Sunday, August 4, 2019

Layer 4 vs Layer 7 Load Balancing Pros and Cons


Load balancing is the process of balancing incoming requests to multiple machines, processes or services. In this video, we will explain two types of load balancers, layer 4 and layer 7. You can watch the video or read the summary below.







Layer 4 Load balancer (HAProxyNLB)

Forwards packets based on basic rules, it only knows IP and PORT and perhaps latency of the target service. That is what is available at Layer 4/3. This load balancer doesn't look at the content so it doesn't know the protocol whether its HTTP or not, it doesn't know the URL or the path or the resource you are consuming or whether you are using GET or POST.


Pros
  • Great for simple packet-level load balancing
  • Fast and efficient doesn’t look at the data
  • More secure as it can't really look at your packets. So if it was compromised no one can look at the data.
  • Doesn't need to decrypt the content it merely forwards whatever content in it. 
  • Uses NAT 
  • One connection between client and server NATed so your load balancer can serve a maximum number of tcp connections = to (number of servers * max connections per server) 
Cons
  • Can't do smart load balancing based on the content, such as switch request based on the requested media type
  • Can't do real microservices with this type
  • Has to be sticky as it is a stateful protocol (all segments) once a connection is established it goes to one server at the backend.
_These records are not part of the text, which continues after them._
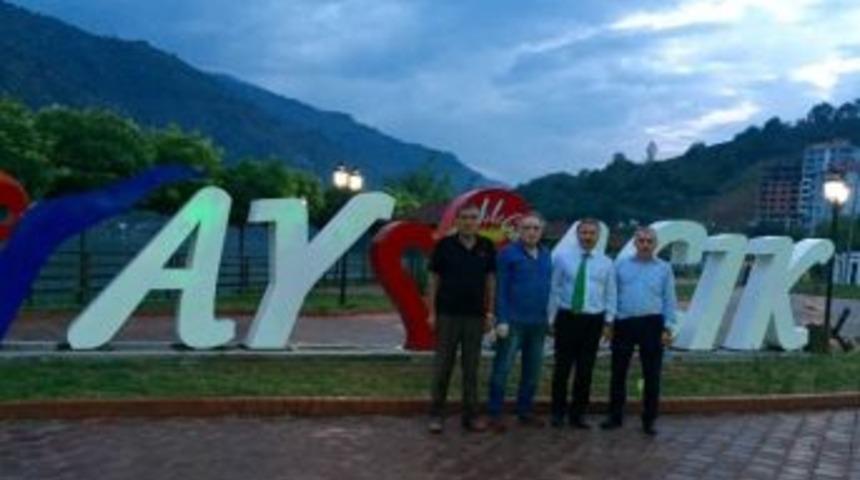 Sadef’ten Başkan Belur’a Davetiye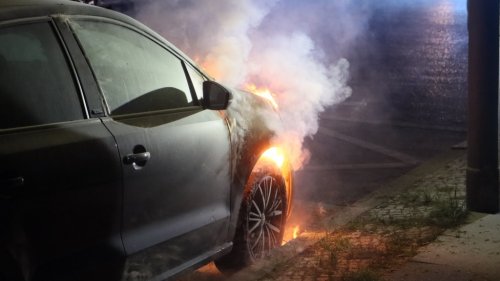 Brandstiftung an VW, Polizei verhindert Schlimmeres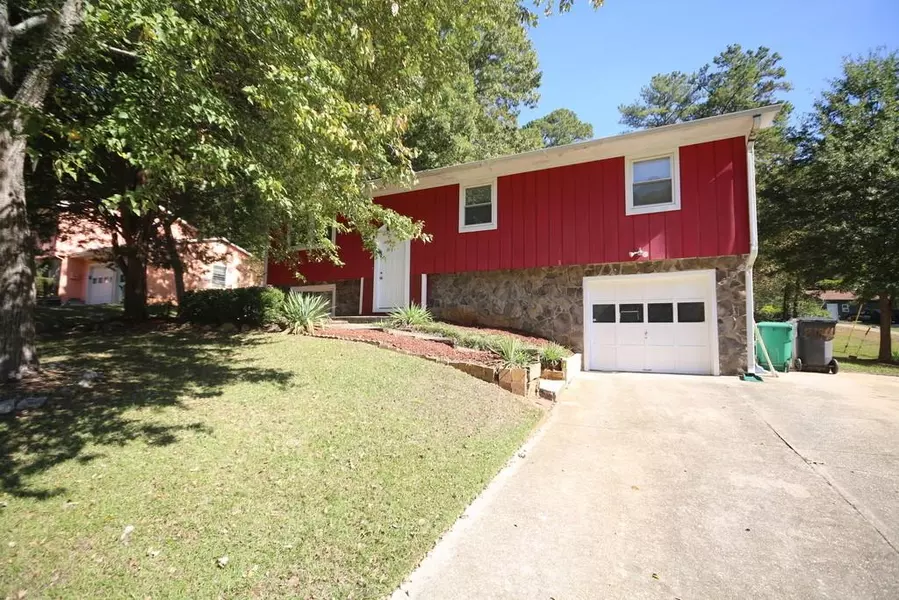 2194 Cherokee Valley CIR, Lithonia, GA 30058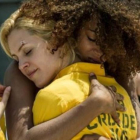 Rizos (Berta Vázquez) y Macarena (Maggie Civantos) se funden en un abrazo en 'Vis a vis' (A-3 TV).-ATRESMEDIA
All packets flowing to this connection goes to one server. The next connection will pick another server based on the algorithm. 
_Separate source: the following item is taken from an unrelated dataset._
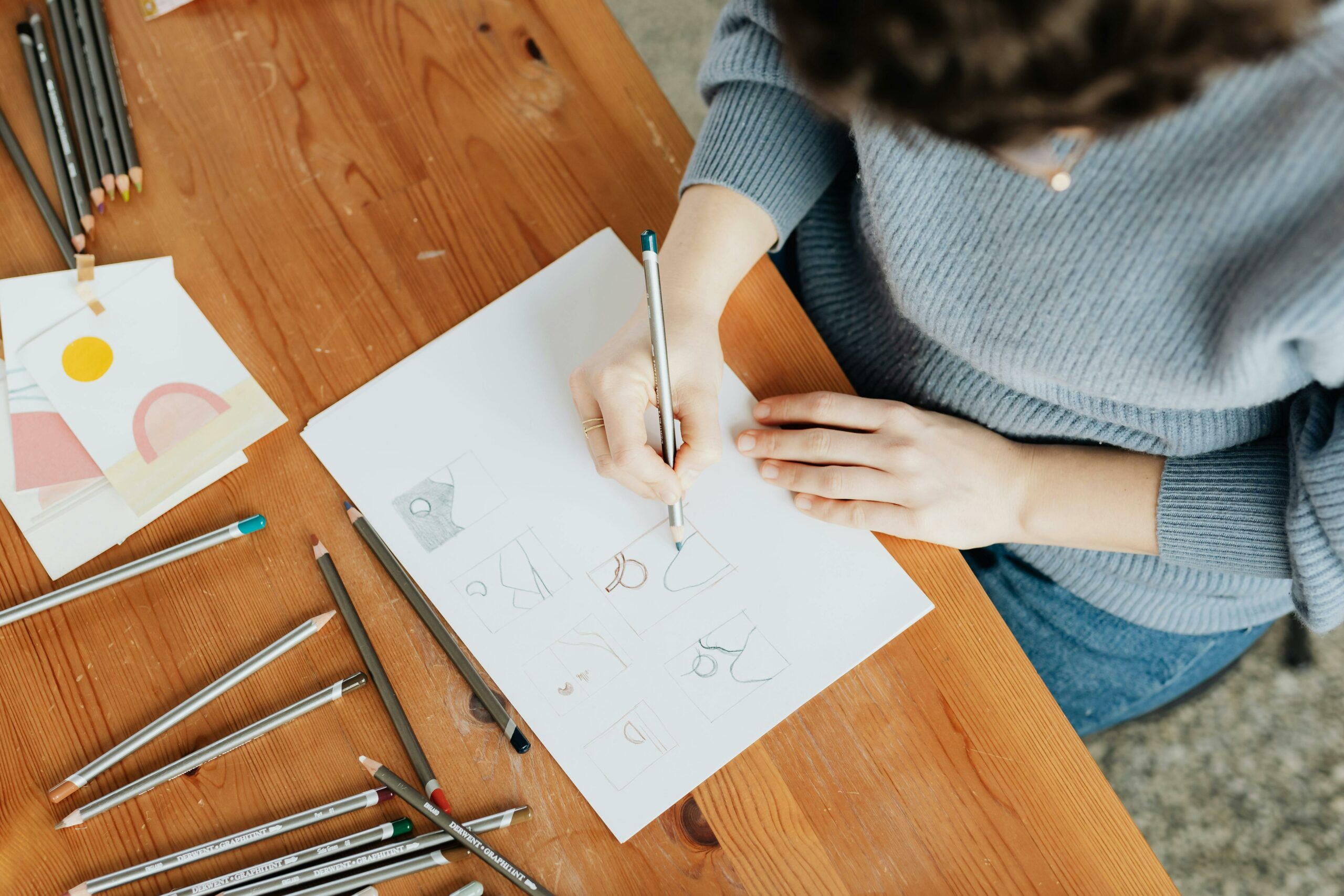 personne en train d'exercer le métier de dessinateur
Layer 7 (Nginx , HAProxy) 


This type of proxy actually looks at the content and have more context, it knows you are visiting the /users resource so it may forward it to a different server. Essential and great for microservices, it knows the content is video:image and it can do compression. It can add its own headers so other proxies or load balancers can see that this has passed through a proxy. It can also cache, we can't really do caching on layer 4 because we have no clue whats in the packets. 

But this is expensive because it has to decrypt and look and compute.

Pros
  • Smart routing based on the URL (microservices) flexible 
  • Provide caching
Cons
  • Expensive need to decrypt
  • Security, you have to share your certificate with the load balancers. if an attacker compromised the load balancer they have access to all your data.
  • Proxy creates multiple connections (client to proxy/proxy to server) So you are bounded by the max TCP connection on your load balancer. Example if your load balancer supports 200 max TCP connections and you have 5 backend servers the load balancer servers each with 200 max connection. Your load balancer can only serve (concurrently) (200 - 5) clients. 5 connections are from the load balancer to each backend server and 195 available for clients. Where if that was a layer 4 load balancer you can server 200*5 connections.

With all those cons we almost have to use Layer 7 load balancer because the benefits outway the cons, especially that we don't have resources constraints.